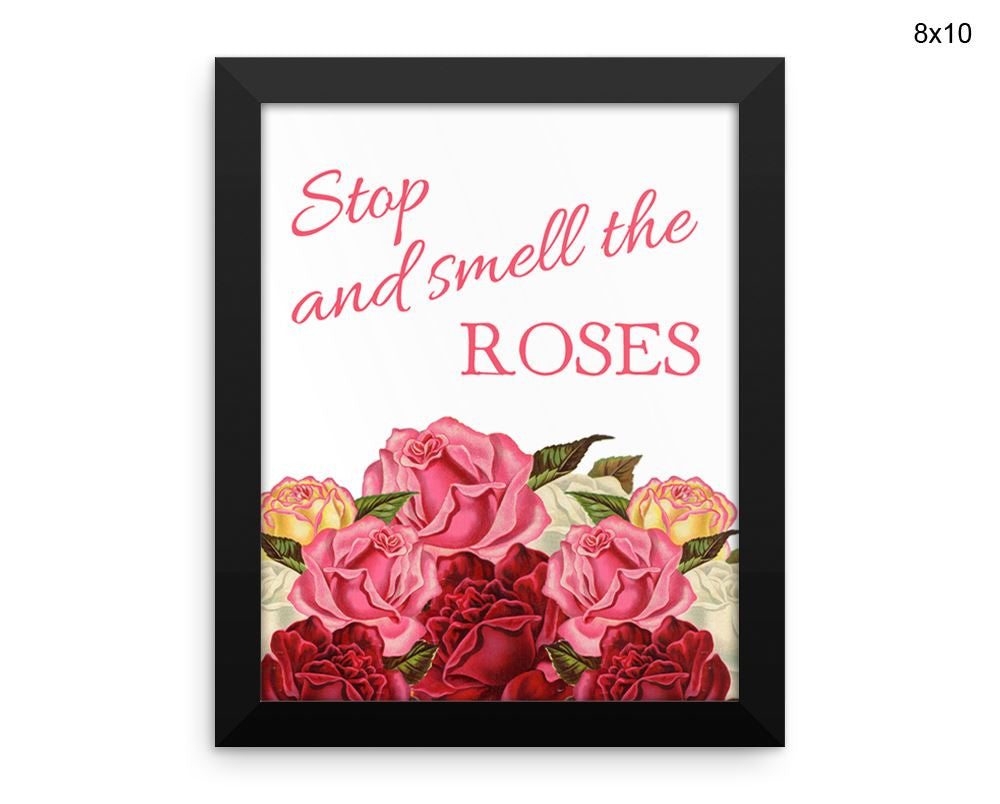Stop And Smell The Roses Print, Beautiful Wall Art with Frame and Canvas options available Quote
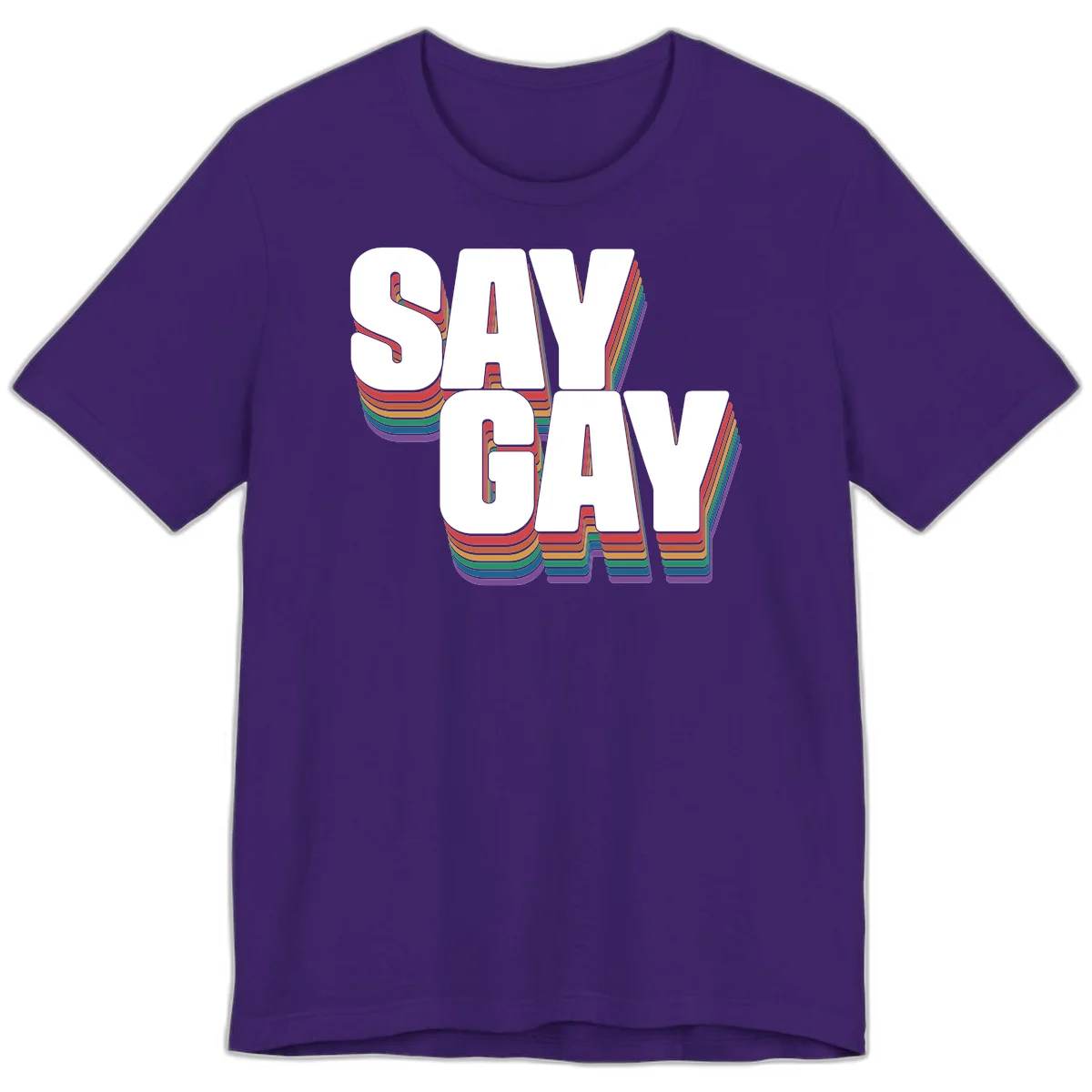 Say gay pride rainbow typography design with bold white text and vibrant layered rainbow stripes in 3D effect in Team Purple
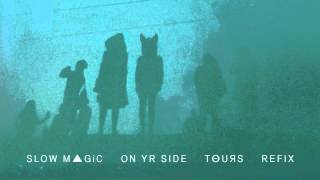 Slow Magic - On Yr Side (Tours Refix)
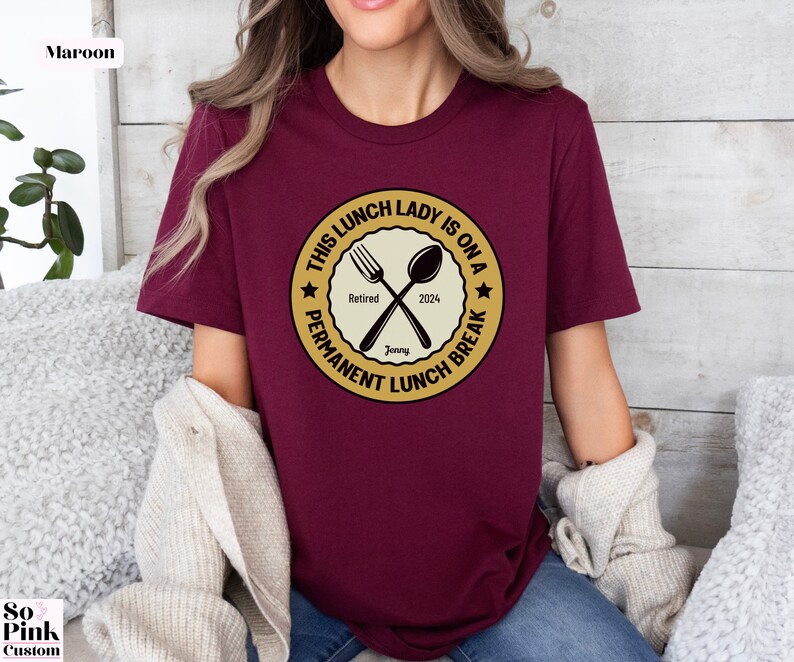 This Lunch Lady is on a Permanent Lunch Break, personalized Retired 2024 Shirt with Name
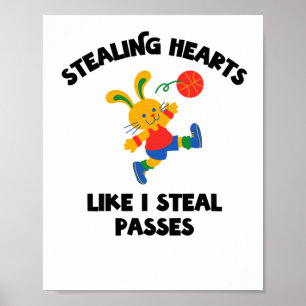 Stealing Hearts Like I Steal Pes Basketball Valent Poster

^^^^^^^^

EXERCISE REQUIREMENTS —
Transcribe the whole listing exactly but exclude images.

OUTPUT BELOW —
Stop And Smell The Roses Print, Beautiful Wall Art with Frame and Canvas options available Quote
 Say gay pride rainbow typography design with bold white text and vibrant layered rainbow stripes in 3D effect in Team Purple
 Slow Magic - On Yr Side (Tours Refix)
 This Lunch Lady is on a Permanent Lunch Break, personalized Retired 2024 Shirt with Name
 Stealing Hearts Like I Steal Pes Basketball Valent Poster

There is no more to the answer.